We show that new silicon crystalline phases, observed in the experiment with the laser-induced microexplosions inside silicon crystals (Rapp et al. // Nat. Commun. 6, 7555 (2015)), are all superstructures of a disordered high-symmetry phase with $Ia\bar{3}d$ cubic space group, as well as known for many years phases $bc8$ (Si-III) and $r8$ (Si-XII). The physics of this phenomenon is rather nontrivial: The $bc8$-like superstructures appear as regularly ordered patterns of switchable atomic strings, preserving everywhere the energetically favorable tetrahedral coordination of silicon atoms. The variety of superstructures arises because each string can be switched between two states independently of the others.
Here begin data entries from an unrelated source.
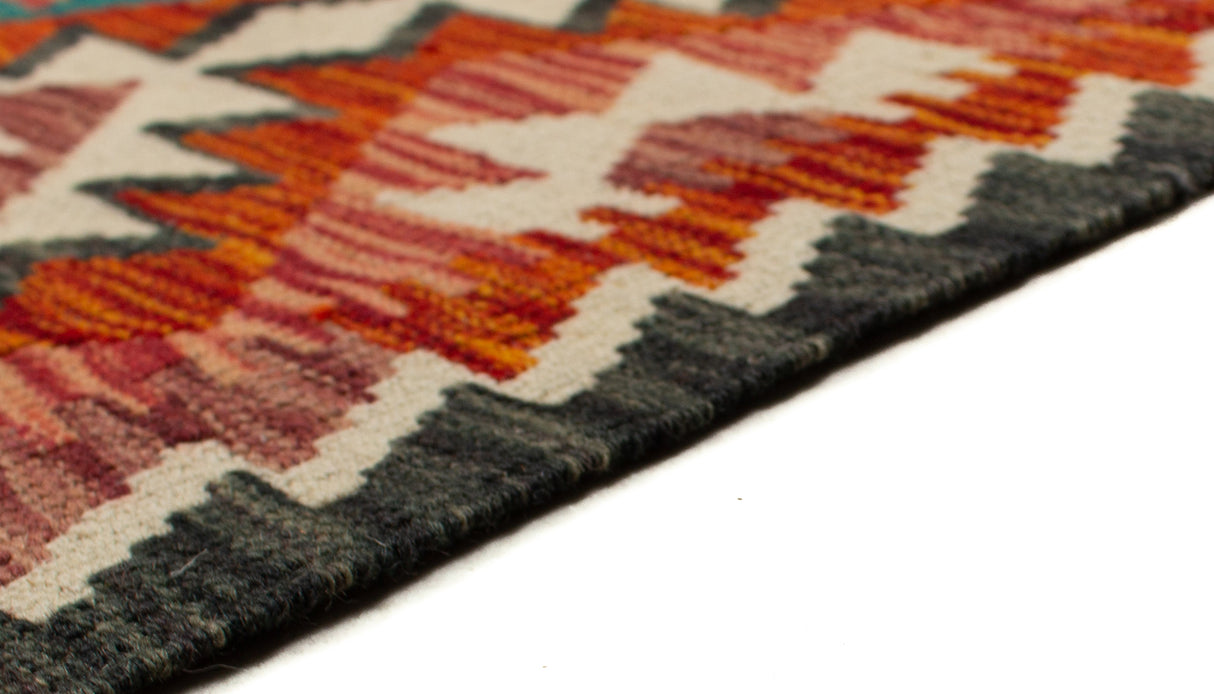 Kilim Afgano | 388 x 83 cm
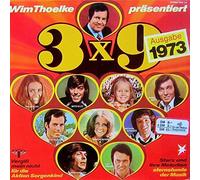 Wim Thoelke präsentiert 3x9, Ausgabe 1973, Stars und ihre Melodien,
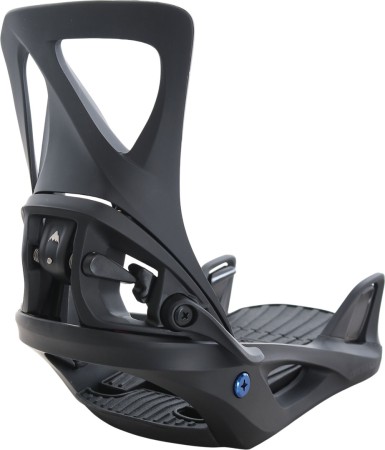 STEP ON WOMENS Bindung black 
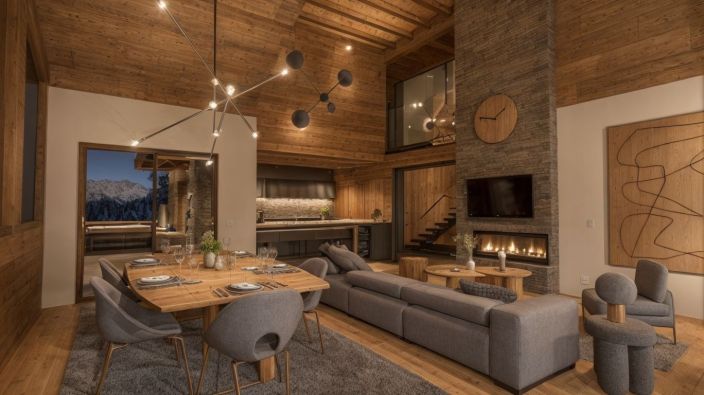 Sale Chalet Les Houches 7&nbsp;Rooms 250&nbsp;m²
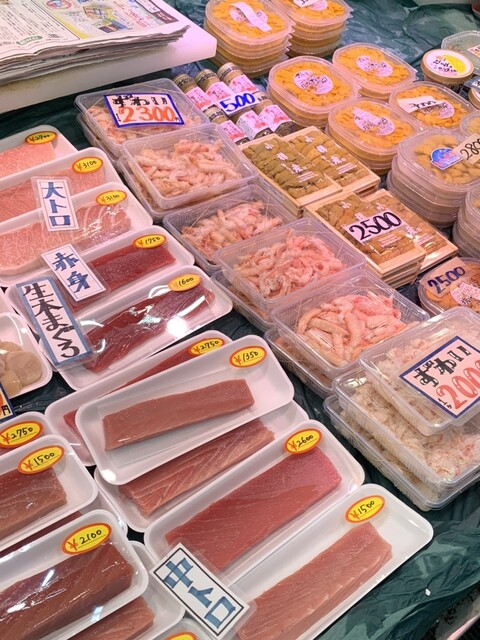 本間水産 - 南小樽（その他）の写真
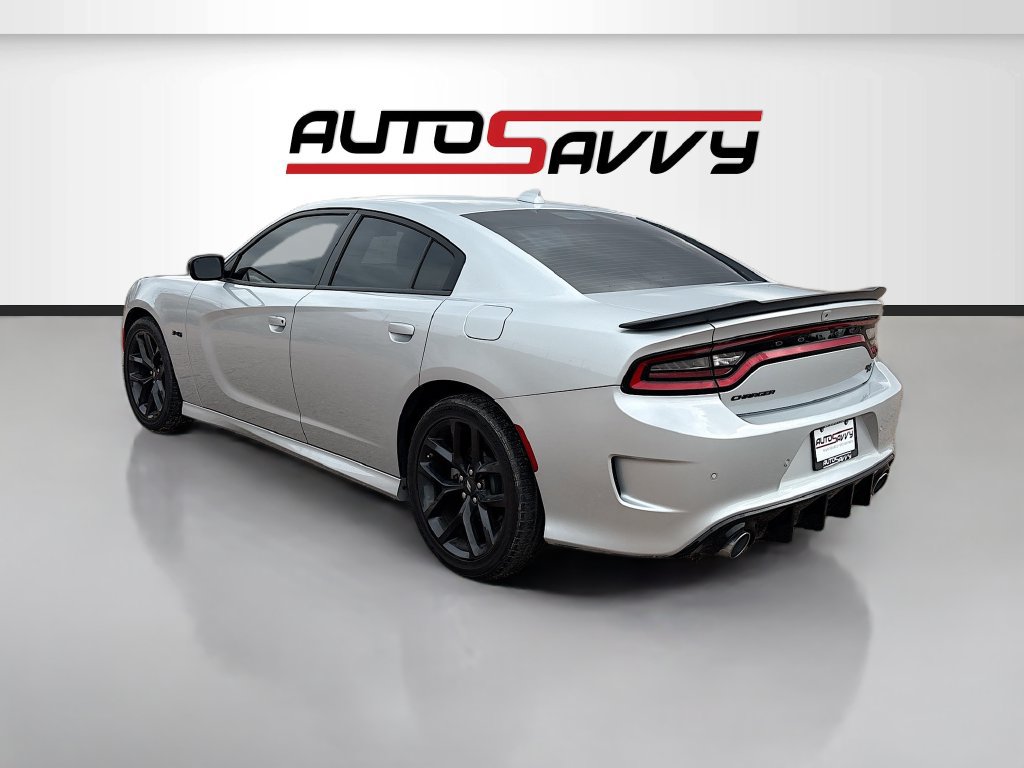 Used 2023 Dodge Charger R/T w/ Blacktop Package RWD image 5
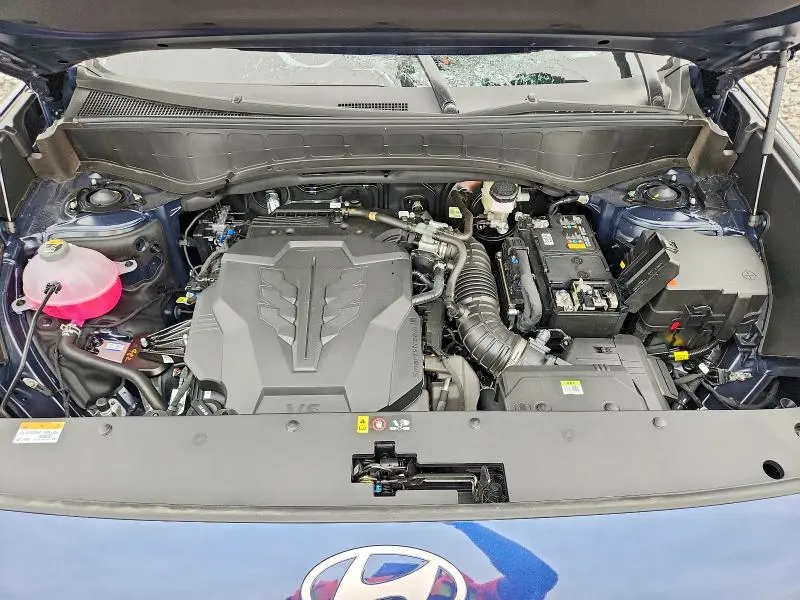 2026 HYUNDAI PALISADE   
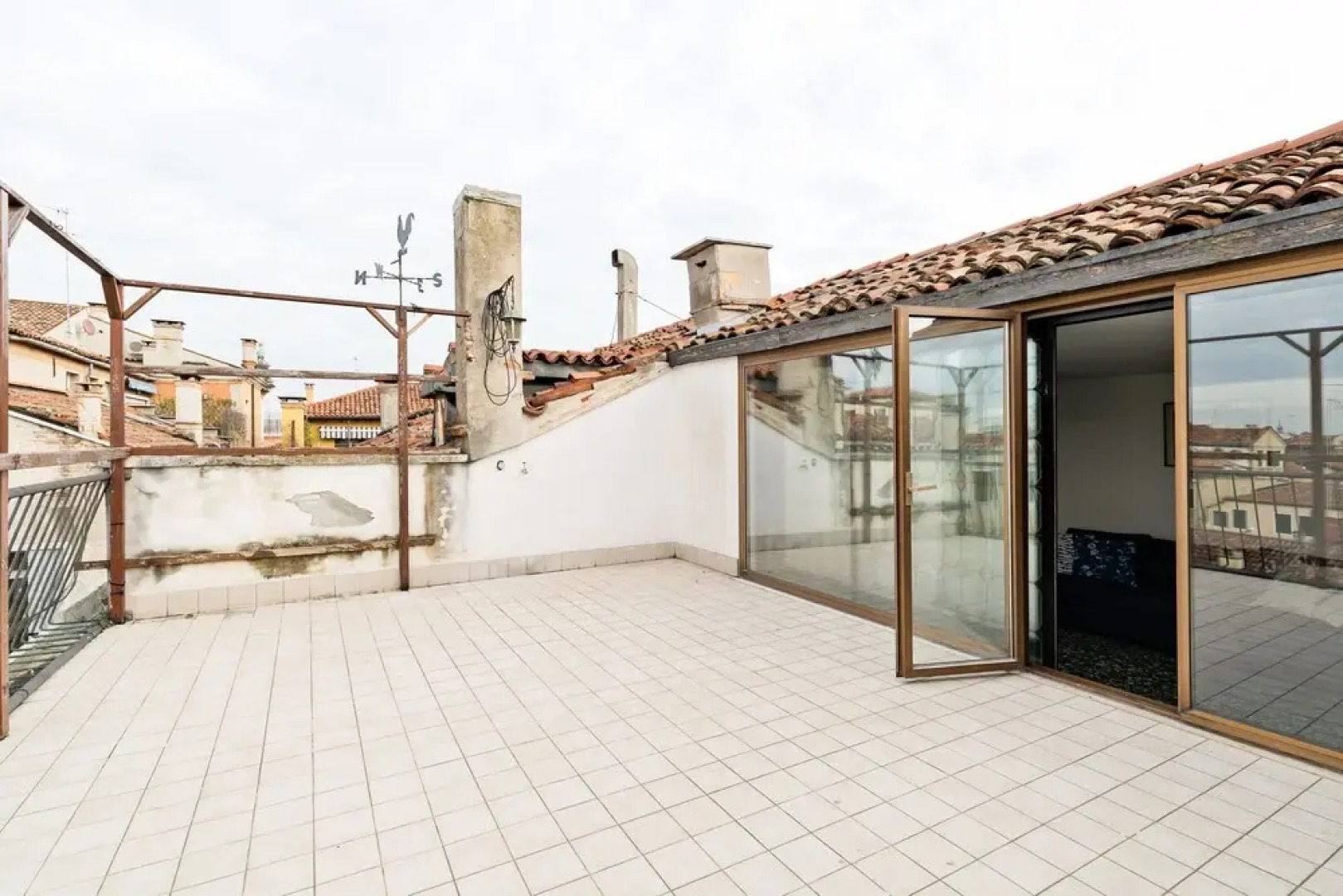 Ponte di Rialto Penthouse with Panoramic Terrace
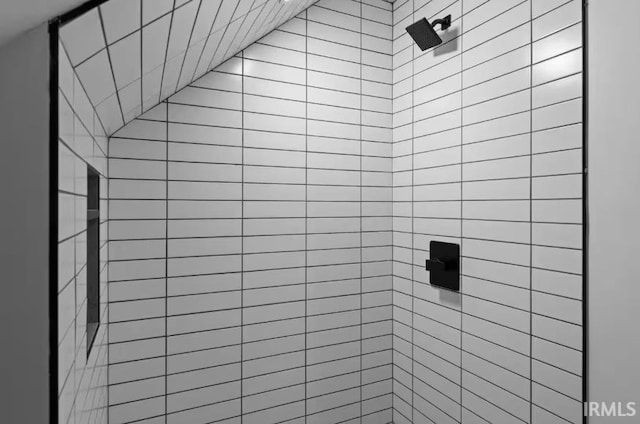 52354 Forestbrook Ave, South Bend, IN 46637 - bathroom view of a tile shower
An infinite family of different phases can be obtained this way and a number of them are considered here in detail. In addition to the known $bc8$, $bt8$, and $r8$ crystals, 128 tetrahedral structures with 16 (6 phases), 24 (22 phases), and 32 (100 phases) atoms per primitive cell are generated and studied, most of them are new ones. For the coarse-grain description of the structures with two possible states of switchable strings, the black/white (switched/nonswitched) Shubnikov symmetry groups has been used. An ab initio relaxation of the atomic positions and lattice parameters shows that all the considered phases are metastable and have higher density and energy relative to the $bc8$ phase at the ambient pressure. A possible scenario for appearance of those phases from the high-temperature amorphous phase is discussed.